Banco Latino Internacional stands as the only EDGE Act bank in Florida's financial history to emerge from voluntary Chapter 11 proceedings (back in 1994) in order to shield itself from a run on deposits. Remarkably, BLI repaid 100% to its depositors and creditors.

According to the financial analysis in the book Anatomía de una Muerte Inducida by economist and former Venezuelan Minister of Finance Pedro Rosas Bravo, the Venezuelan state recovered 100% of the resources FOGADE invested in the intervention, entirely from the financial group's own assets, and loan portfolio.

== Personal life ==
Gómez López and his wife, Claudia Febres Cordero, practice law as advisors for various companies and individuals, and serve on several boards in Venezuela and around the world.

== Recognitions and awards ==
Throughout his career, Gómez López has received numerous accolades at regional, national, and international levels, including:

=== Regional ===
• Order of September 16, First Class (September 11, 1982).

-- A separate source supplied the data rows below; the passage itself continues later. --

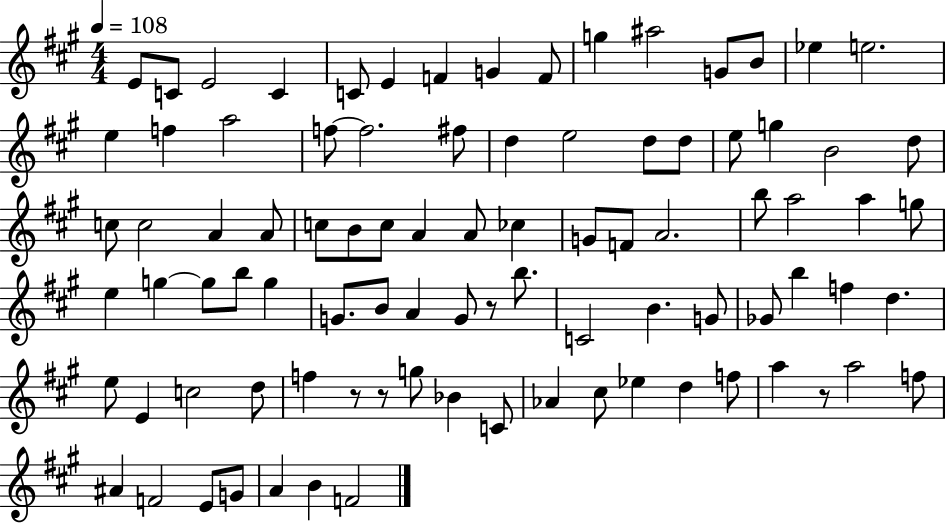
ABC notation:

X:1
T:Untitled
M:4/4
L:1/4
K:A
E/2 C/2 E2 C C/2 E F G F/2 g ^a2 G/2 B/2 _e e2 e f a2 f/2 f2 ^f/2 d e2 d/2 d/2 e/2 g B2 d/2 c/2 c2 A A/2 c/2 B/2 c/2 A A/2 _c G/2 F/2 A2 b/2 a2 a g/2 e g g/2 b/2 g G/2 B/2 A G/2 z/2 b/2 C2 B G/2 _G/2 b f d e/2 E c2 d/2 f z/2 z/2 g/2 _B C/2 _A ^c/2 _e d f/2 a z/2 a2 f/2 ^A F2 E/2 G/2 A B F2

• Order of Doctor Tulio Febres Cordero, First Class (May 31, 1991).

• Order of José Félix Ribas, First Class (February 17, 1992).

• Order of the City of Mérida (August 1992).

• Order of José Tadeo Monagas (November 1992).

=== National ===
• Order of Merit for Work, Second and First Class.

• Order of Francisco de Miranda, Second (1987) and First Class (1990).

• Cross of Land Transit (July 1, 1988).

=== International ===
• Key to the City of Miami (July 15, 1993).

• Key to the City of Coral Gables (July 1993).

=== Guilds ===
• Associate Member of the La Salle Natural Sciences Society (December 3, 1990).